Because, honestly, the past couple of weeks, I’ve felt kind of “blocked” around putting words on the page.
Not that I didn’t have any ideas or anything to write about. I did and I do. Because I’m born to write and I’m a messenger. There’s always something for me to write about.
But I wasn’t being disciplined enough to sit down and actually make the effort to type the words out.
Every day when I’d think about writing something, every idea would feel lame and every message would feel been-there-done-that. I felt like I had nothing to say that was of any value to anyone.
And then this morning I was driving and a thought hit me… THAT is what I need to write about. I need to write about feeling stuck and lame and like I have nothing important to say.
Because that’s what I do.
That’s what I’ve always done.
I write about where I’m at in my life. In all its mess. In all its glory. In all its breakdown. In all its everything.

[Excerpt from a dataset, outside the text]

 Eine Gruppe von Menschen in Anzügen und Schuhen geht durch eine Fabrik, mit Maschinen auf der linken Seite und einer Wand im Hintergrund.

I write about what I’m going through at the moment, because it’s what I’m going through, and I know others in my community are likely experiencing something similar.
I was trying to make it so complicated by having a topic to write about and thinking my message needed to be something that no one has ever said before.
No, no, no, no, NO!
A topic isn’t necessary. And it doesn’t matter if someone has said something similar to me before.
I write not because I have something to say or even because I’ve got important wisdom to share.
I write because I can’t not.
Period. End of story.
I write because not writing makes me feel like shit.
I write because when I don’t, I feel lost and purposeless.
I write because I’m not myself unless I am.
I write because there’s not a single thing in the world that can fill the void not writing creates, other than writing.
I write because I was born to.
It’s who I am. It’s what I’m all about. And, for me, it’s the cure to everything that ails me.
So here I am, today, writing about not being able to write.
Because that’s what I do. I write about my life and where I’m at. I share what’s going on inside of me. I bare my soul to the internet.
It’s the first day back after a very long string of days where I didn’t allow the words to come out. And I’m already feeling better just having written these words. I already feel found and like I have a purpose.
It’s always been the writing. It will always be the writing.
What got me here is the writing. And the writing will be the thing that gets me where I want to go as well.
All the times when things in my life and business have worked and thrived and been successful were always the times when I was doing my writing consistently.
So what got you here most certainly will get you there, as long as you keep on freaking doing it.